- [Assigned task] Without the pictures, give the records again exactly as they appear.
[Available records Boundary: Start]
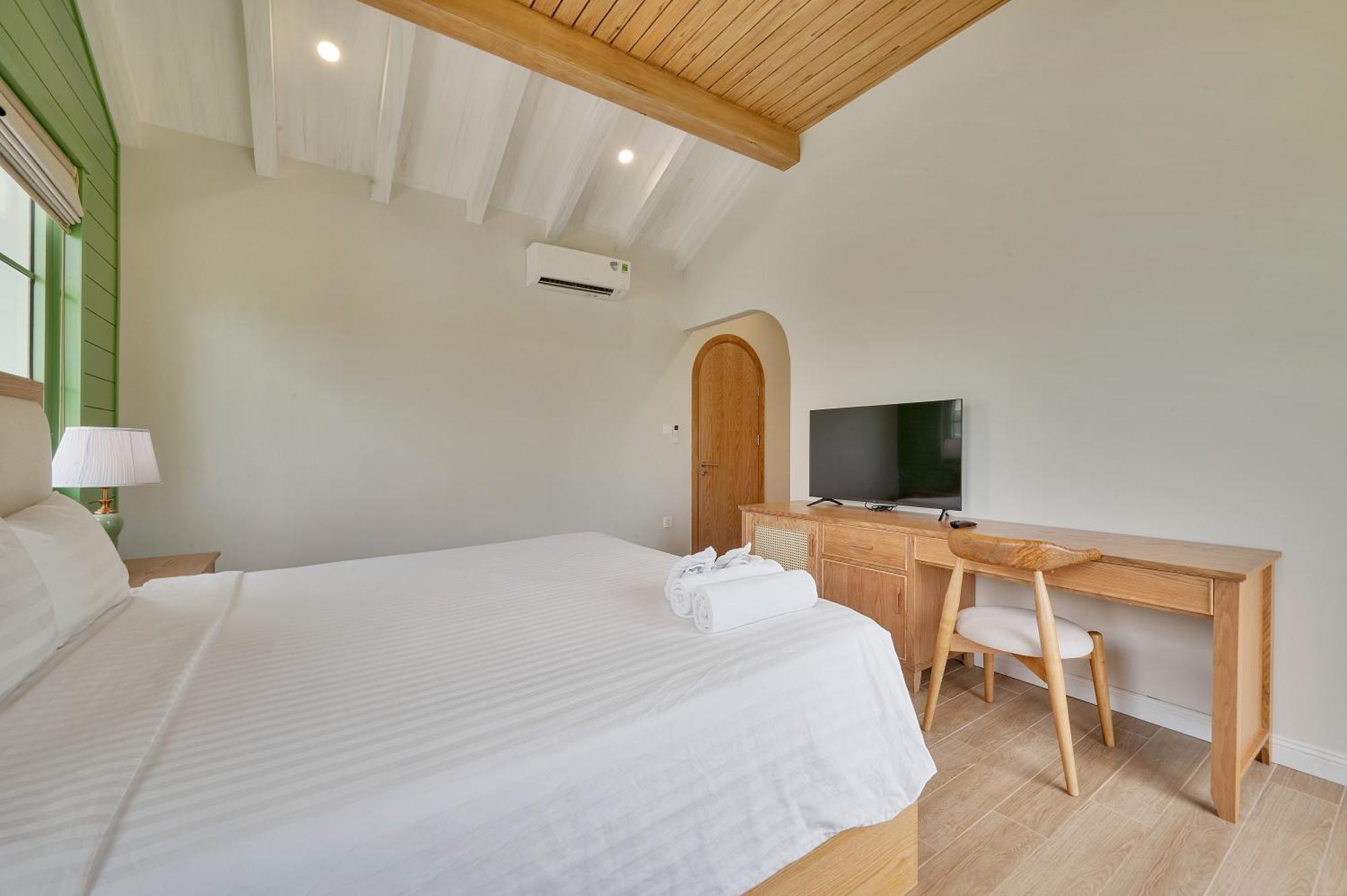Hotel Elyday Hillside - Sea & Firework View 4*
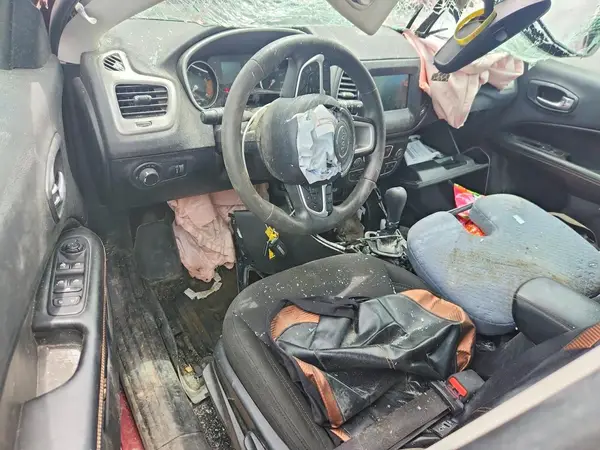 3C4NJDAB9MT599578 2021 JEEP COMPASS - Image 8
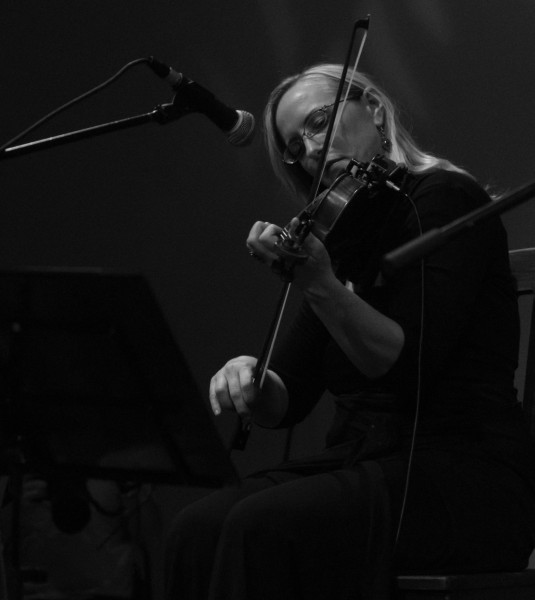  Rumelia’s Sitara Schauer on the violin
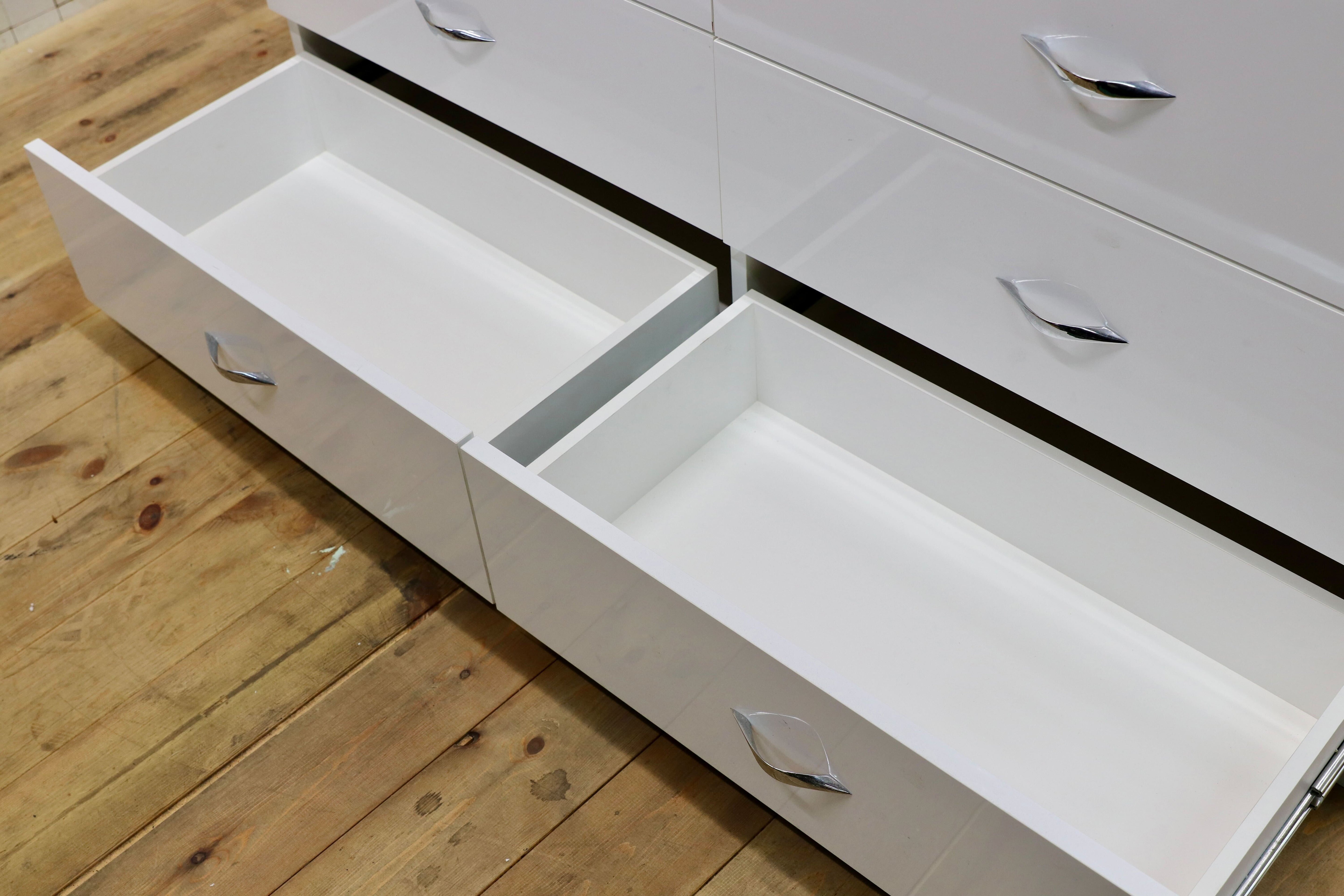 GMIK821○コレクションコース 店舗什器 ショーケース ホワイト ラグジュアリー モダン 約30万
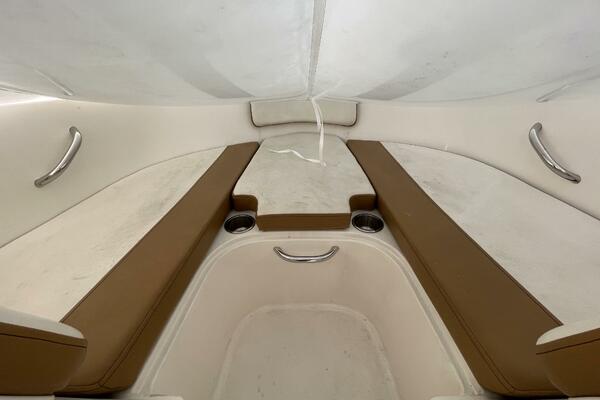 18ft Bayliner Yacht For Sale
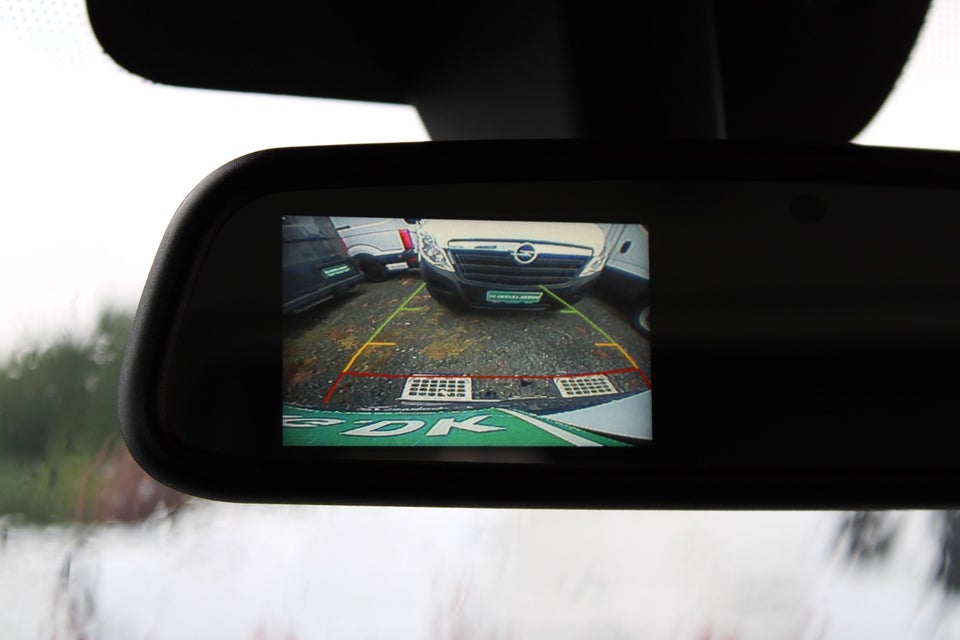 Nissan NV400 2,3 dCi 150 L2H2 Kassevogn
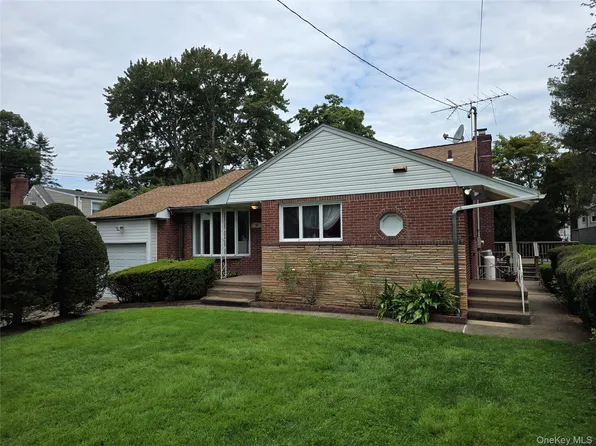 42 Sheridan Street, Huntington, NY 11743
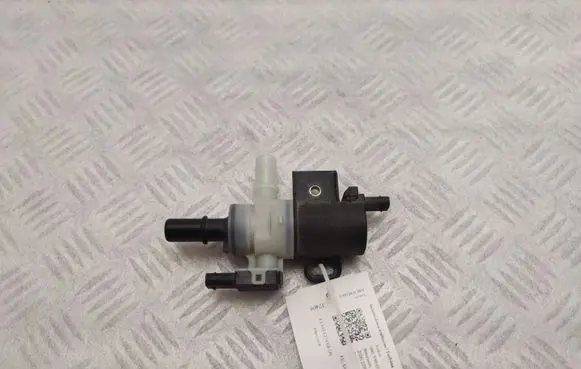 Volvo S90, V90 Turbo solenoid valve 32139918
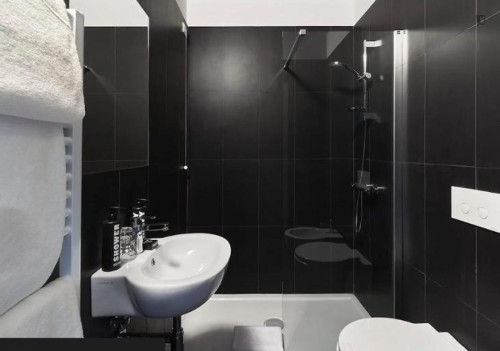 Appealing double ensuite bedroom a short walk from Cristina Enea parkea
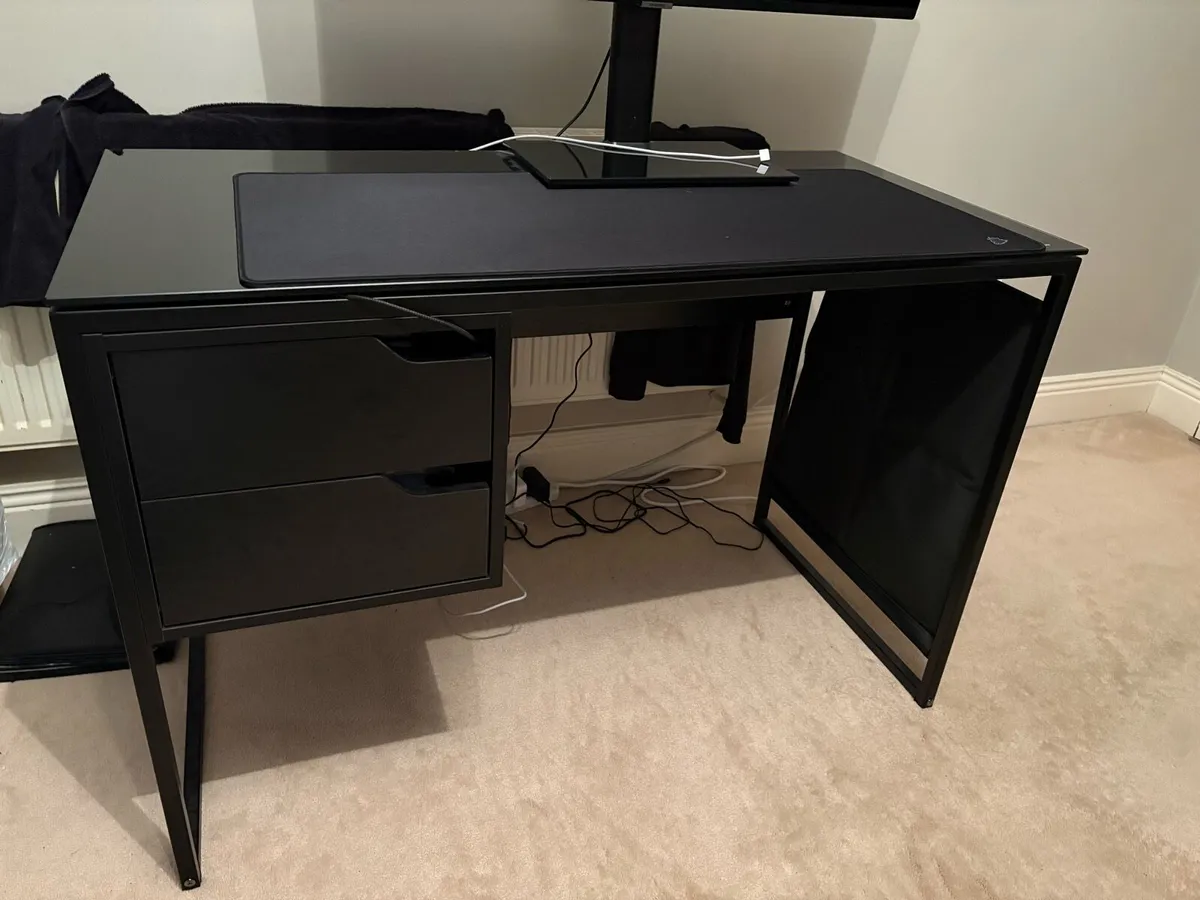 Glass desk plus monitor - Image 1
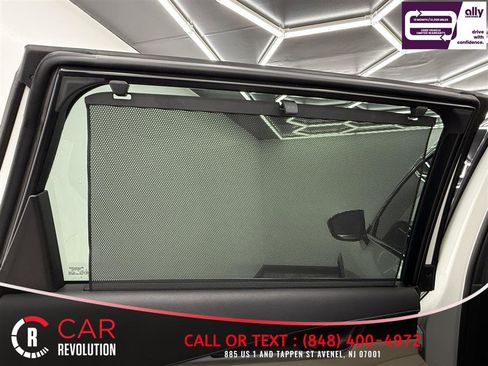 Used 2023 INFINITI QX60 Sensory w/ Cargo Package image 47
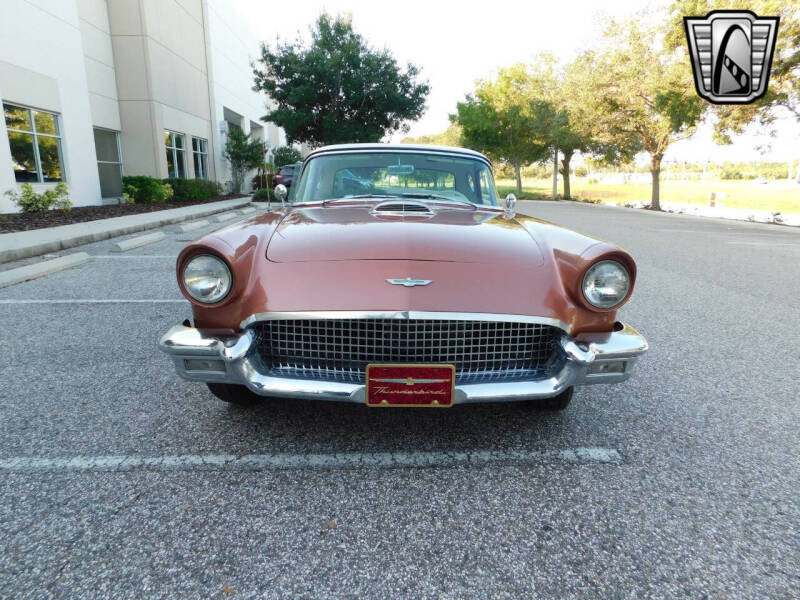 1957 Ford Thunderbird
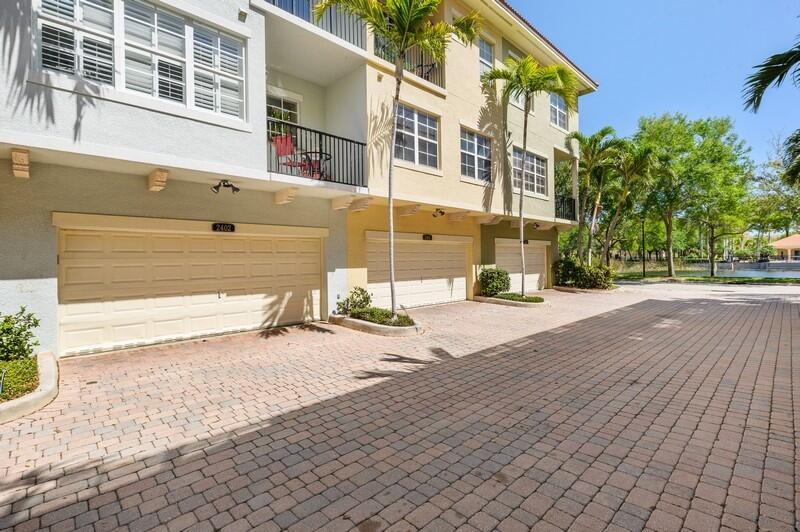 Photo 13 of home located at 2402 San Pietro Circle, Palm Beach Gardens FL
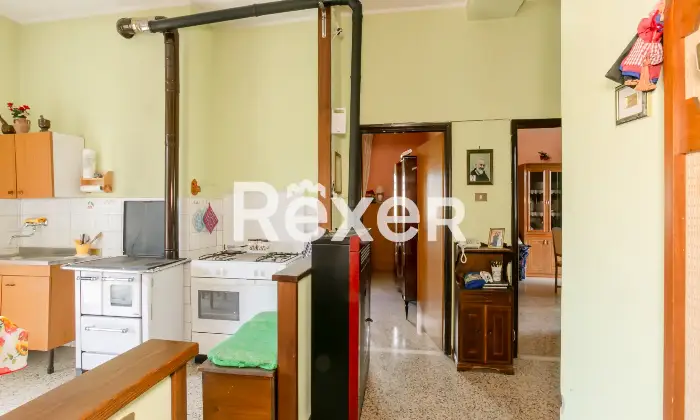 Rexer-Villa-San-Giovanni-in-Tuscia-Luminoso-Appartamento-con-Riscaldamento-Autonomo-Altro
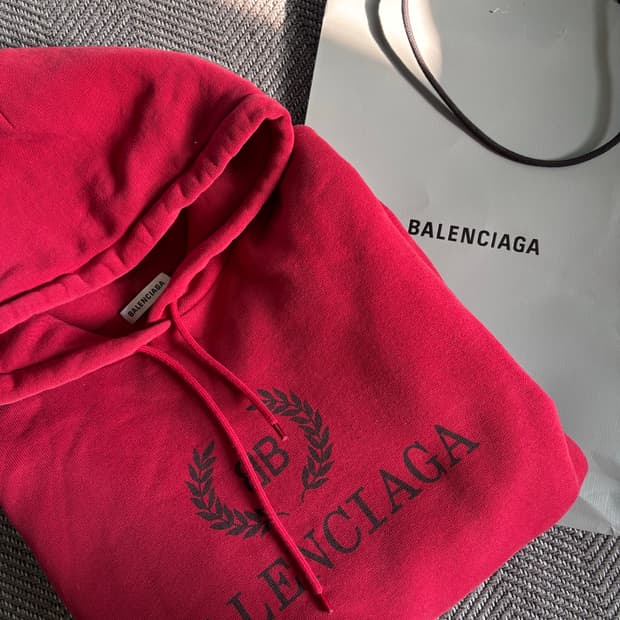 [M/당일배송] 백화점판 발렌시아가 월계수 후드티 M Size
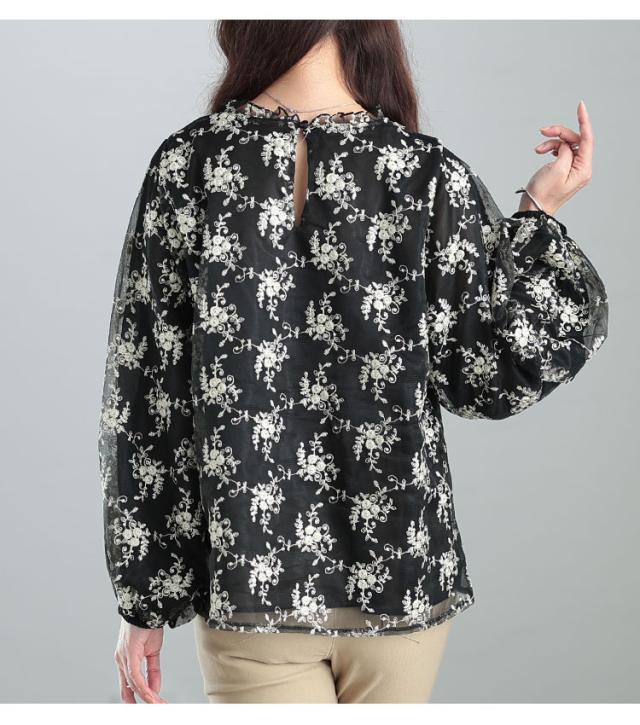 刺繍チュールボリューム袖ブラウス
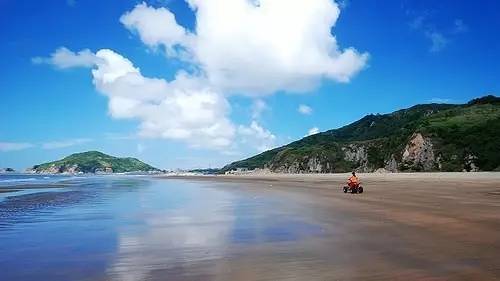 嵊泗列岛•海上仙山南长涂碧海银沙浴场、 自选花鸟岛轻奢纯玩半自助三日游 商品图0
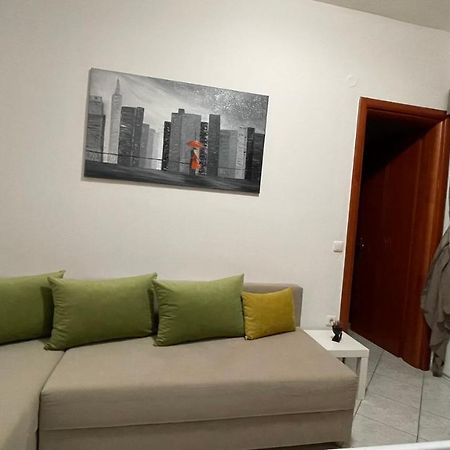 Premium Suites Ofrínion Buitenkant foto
[Available records Boundary: End]
- [Written solution]
Hotel Elyday Hillside - Sea & Firework View 4*
 3C4NJDAB9MT599578 2021 JEEP COMPASS - Image 8
  Rumelia’s Sitara Schauer on the violin
 GMIK821○コレクションコース 店舗什器 ショーケース ホワイト ラグジュアリー モダン 約30万
 18ft Bayliner Yacht For Sale
 Nissan NV400 2,3 dCi 150 L2H2 Kassevogn
 42 Sheridan Street, Huntington, NY 11743
 Volvo S90, V90 Turbo solenoid valve 32139918
 Appealing double ensuite bedroom a short walk from Cristina Enea parkea
 Glass desk plus monitor - Image 1
 Used 2023 INFINITI QX60 Sensory w/ Cargo Package image 47
 1957 Ford Thunderbird
 Photo 13 of home located at 2402 San Pietro Circle, Palm Beach Gardens FL
 Rexer-Villa-San-Giovanni-in-Tuscia-Luminoso-Appartamento-con-Riscaldamento-Autonomo-Altro
 [M/당일배송] 백화점판 발렌시아가 월계수 후드티 M Size
 刺繍チュールボリューム袖ブラウス
 嵊泗列岛•海上仙山南长涂碧海银沙浴场、 自选花鸟岛轻奢纯玩半自助三日游 商品图0
 Premium Suites Ofrínion Buitenkant foto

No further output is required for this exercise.